Information provided –
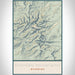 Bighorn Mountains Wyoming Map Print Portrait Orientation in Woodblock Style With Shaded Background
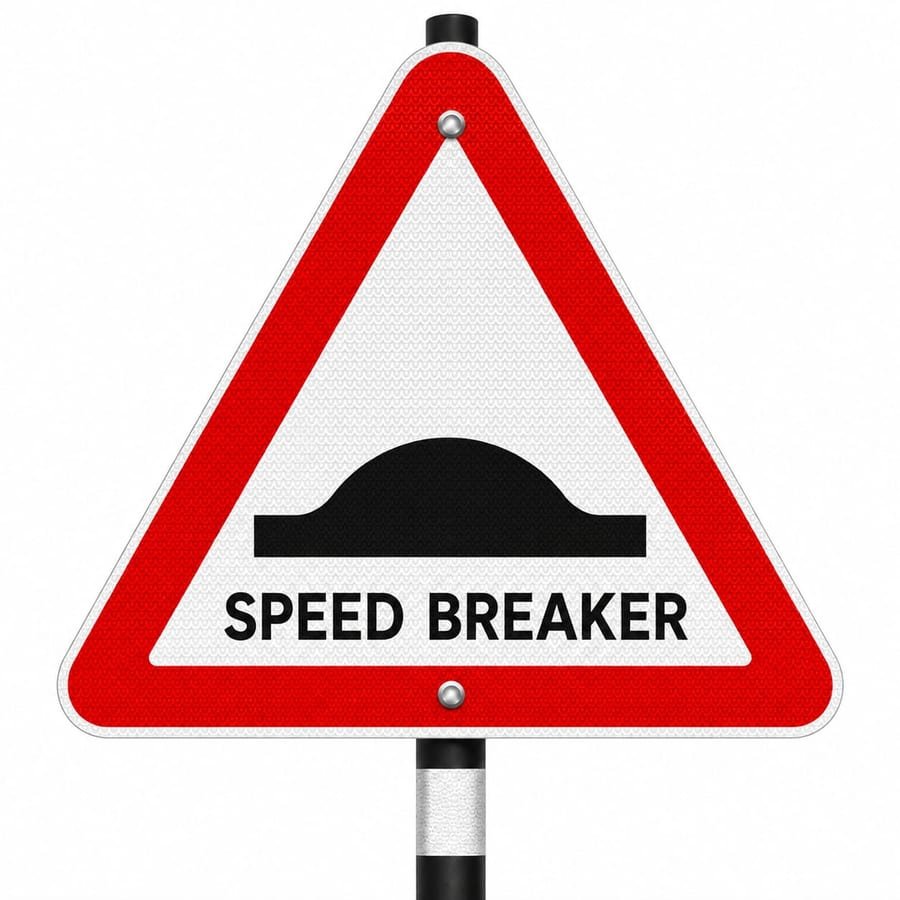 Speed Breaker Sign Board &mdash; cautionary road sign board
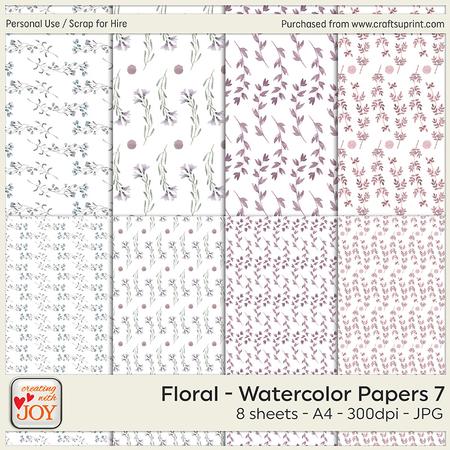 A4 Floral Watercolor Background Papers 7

What you have to do – Output the listing exactly, pictures excluded.

Final answer –
 Bighorn Mountains Wyoming Map Print Portrait Orientation in Woodblock Style With Shaded Background
 Speed Breaker Sign Board &mdash; cautionary road sign board
 A4 Floral Watercolor Background Papers 7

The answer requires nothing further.